Professor Raf Catthoor correctly identified that there are two power paths from the power split device:
He was also correct that the relative torque is fixed, 28% going the electrical path and 72% the mechanical. But both torque paths are taken at the same angular rotation speed from the ICE and the power split is proportional. This has a profound impact on efficiency calculations:
- 28% electrical * electrical_efficiency (55-97%) = electrical power path
- 72% mechanical * 92.7% (measured) = mechanical power path
In normal mode, electrical power from MG1 is routed directly to MG2 where it joins back with the mechanical power:
Counter torque is needed from the generator to get any mechanical torque.

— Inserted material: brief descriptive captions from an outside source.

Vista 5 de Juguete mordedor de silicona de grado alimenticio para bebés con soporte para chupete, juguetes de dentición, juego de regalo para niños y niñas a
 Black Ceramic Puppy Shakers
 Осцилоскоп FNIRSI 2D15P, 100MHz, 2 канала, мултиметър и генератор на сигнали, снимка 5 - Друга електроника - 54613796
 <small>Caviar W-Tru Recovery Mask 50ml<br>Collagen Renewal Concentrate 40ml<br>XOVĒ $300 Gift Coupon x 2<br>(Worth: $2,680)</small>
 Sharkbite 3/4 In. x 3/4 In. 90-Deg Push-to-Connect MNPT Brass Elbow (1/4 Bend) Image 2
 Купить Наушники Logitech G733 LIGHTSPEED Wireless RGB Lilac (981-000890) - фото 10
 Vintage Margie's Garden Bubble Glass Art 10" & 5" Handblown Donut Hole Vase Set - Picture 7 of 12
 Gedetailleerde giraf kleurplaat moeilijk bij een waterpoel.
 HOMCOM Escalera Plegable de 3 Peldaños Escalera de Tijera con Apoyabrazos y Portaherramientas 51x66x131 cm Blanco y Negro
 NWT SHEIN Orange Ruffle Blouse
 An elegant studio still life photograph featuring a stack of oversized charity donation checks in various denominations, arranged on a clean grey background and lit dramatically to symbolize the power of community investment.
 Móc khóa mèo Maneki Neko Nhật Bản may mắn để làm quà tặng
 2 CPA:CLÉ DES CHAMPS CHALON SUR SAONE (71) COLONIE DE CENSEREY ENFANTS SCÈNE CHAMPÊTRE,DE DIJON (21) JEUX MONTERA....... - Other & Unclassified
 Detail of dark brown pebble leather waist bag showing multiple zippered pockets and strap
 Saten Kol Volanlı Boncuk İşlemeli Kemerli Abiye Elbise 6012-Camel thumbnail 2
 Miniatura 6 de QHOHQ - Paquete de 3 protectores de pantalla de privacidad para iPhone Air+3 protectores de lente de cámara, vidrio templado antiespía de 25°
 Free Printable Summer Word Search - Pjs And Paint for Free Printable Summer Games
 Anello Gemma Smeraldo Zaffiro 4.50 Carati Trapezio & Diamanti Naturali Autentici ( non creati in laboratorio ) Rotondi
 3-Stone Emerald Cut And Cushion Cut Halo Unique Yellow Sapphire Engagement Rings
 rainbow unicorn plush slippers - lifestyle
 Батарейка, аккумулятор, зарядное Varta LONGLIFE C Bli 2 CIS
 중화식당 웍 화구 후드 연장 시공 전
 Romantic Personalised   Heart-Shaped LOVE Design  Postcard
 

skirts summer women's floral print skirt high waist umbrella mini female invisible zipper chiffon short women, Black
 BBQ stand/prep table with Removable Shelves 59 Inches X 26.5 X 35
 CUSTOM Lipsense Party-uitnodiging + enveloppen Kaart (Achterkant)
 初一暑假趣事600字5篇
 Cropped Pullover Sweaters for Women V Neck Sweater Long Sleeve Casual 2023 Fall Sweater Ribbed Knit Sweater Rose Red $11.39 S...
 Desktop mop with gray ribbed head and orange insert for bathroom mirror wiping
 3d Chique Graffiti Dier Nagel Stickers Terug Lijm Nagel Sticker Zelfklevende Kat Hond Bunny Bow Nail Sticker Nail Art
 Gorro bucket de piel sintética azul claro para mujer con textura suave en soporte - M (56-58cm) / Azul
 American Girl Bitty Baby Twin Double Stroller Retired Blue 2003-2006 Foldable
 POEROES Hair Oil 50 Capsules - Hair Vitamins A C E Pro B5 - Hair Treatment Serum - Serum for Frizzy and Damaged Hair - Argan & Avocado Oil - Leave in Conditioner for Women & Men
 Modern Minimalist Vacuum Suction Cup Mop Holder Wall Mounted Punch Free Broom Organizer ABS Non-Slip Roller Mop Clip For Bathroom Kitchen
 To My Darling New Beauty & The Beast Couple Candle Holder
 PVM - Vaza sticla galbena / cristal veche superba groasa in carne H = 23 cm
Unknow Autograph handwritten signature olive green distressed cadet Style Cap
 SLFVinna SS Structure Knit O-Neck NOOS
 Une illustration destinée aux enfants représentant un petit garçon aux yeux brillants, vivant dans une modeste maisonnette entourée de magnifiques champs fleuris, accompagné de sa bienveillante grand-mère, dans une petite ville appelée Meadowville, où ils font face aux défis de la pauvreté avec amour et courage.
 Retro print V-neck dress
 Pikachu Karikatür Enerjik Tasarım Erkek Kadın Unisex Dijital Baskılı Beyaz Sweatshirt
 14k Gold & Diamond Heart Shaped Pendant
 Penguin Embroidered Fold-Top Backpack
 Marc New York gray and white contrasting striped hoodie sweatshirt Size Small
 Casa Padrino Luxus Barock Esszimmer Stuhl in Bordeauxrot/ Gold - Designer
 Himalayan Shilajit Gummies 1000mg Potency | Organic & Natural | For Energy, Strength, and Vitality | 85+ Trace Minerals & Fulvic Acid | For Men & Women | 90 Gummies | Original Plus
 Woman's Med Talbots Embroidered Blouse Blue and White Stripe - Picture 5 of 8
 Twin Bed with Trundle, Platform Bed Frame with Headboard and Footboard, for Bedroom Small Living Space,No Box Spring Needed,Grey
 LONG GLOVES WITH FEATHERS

This is done by generating power that simply recombines in MG2.
There is another mode often called "heretical" where the roles are reversed. The car is traveling fast enough that MG2 can generate the power needed to drive MG1 to force mechanical path torque:
The electrical path direction is reversed. But conservation of energy leads to an interesting observation:
MG2_power = MG1_power + traction_battery_power
We see this in the data:
It has the effect of overdrive by letting the ICE spin slower.
What I'm trying to suggest is what came out of the Toyota paper:
The whole system needs to be tweaked and tuned. There is no single fix that will provide Prius efficiency.